Key Telemetry Considerations:
To enable smooth real-time optimization, your data stream should check these boxes:
- Latency – Is the data arriving fast enough? Updates every 10 minutes won’t cut it.
- Predictability & Frequency – Does data come in consistently, or does it fluctuate unpredictably?
- High Availability – Is the system prone to outages? If so, you could be flying blind at critical moments.
- Format & Accessibility – Is the API based on a standard protocol? Is there clear documentation?
- Push vs. Pull Data Flow – Push is better. If the system pushes updates as soon as they’re available, your optimizer can react instantly.
At the most basic level, you need to know how much charge you have in your battery to understand how much energy you can bid. Let’s say you have a 100MW battery with a 2-hour duration and are forecasting increasing prices for the next hour.

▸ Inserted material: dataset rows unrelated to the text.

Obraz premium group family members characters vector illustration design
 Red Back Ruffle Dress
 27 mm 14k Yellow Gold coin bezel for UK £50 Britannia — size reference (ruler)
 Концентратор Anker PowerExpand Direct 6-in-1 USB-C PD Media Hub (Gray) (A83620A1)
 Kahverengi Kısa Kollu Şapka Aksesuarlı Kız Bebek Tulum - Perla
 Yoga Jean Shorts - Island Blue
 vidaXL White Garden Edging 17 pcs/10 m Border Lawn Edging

If you are at 60% state of charge (SOC), you can confidently bid into RT energy for the next few SCED intervals. However, if you only have 40% left, you may hold off so as not to deplete your energy prior to the peak. While this may seem obvious, degraded telemetry can quickly cause a wide disparity between your understanding of the battery state and its actual state.
Market Integration
The second necessary integration is with a Qualified Scheduling Entity (QSE), which facilitates the submission of bids and processes settlements.
When selecting your QSE partner, always look for:
- Seamless, API-based integration – Your optimizer should be able to send and receive data without manual intervention.
- Fast, in-order bid processing – Storage assets require sub-hourly optimization, which means your QSE must handle real-time bids that update with each SCED run (minimum every 5 minutes). Furthermore, they must process bids in the order in which they were received so the most recent plan is being submitted.
- Deep knowledge of ERCOT charge codes – Understanding settlements is critical to maximizing revenue and avoiding errors.
There are some parallels between the bid submission process for storage and high frequency trading. If your system is slow to process market data or submit bids, you’re leaving money on the table. The faster and more reliably your system can react, the better your returns.